The only person who knows for certain that something is real is the person who witnesses it (and even then the truth of the situation is subject to that individual's interpretation). This is true of the empiricism of science as it is for any other human endeavour. The level of our belief in anything is based on our faith in the witness(es) to events that we have not witnessed ourselves. Do we trust their veracity?
Orthodox Christianity is based on the realities of the Christ event relayed to us from the accounts of the original witnesses, not on the suppositions from out of the subsequent Christian tradition. That Christ rose from the dead is a scientific claim not a religious claim - a claim we believe or not depending on our faith in those witnesses.

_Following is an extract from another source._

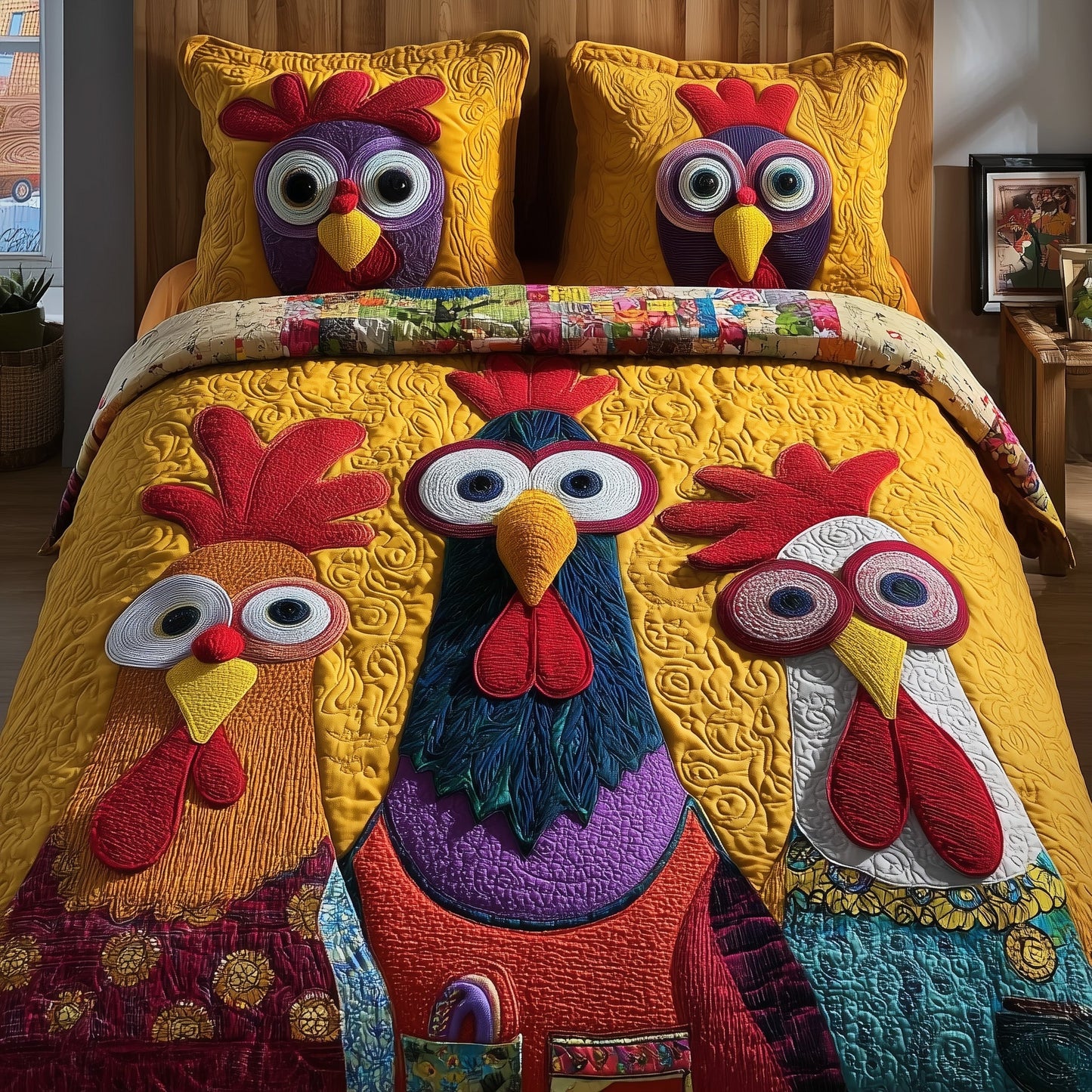 Chicken 3-Piece Quilted Bedding Set GFTOMA2185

It is totally wrongheaded to claim that the existence of God cannot be proved unless we accept that the existence of anything not witnessed by ourselves cannot be proved. For orthodox Christians the existence of God has been proved in Christ (a point Christ himself majors on in the Gospel record). An intelligent Christian will accept that it is possible that the witnesses were wrong and that God does not exist. An intelligent scientist will accept that the Big Bang theory may turn out to be completely or partially wrong. But the Christian chooses to believe in God and the scientist chooses to believe in the Big Bang because of their faith in the witnesses to the empirical.
God is either an observable fact or is non-existent.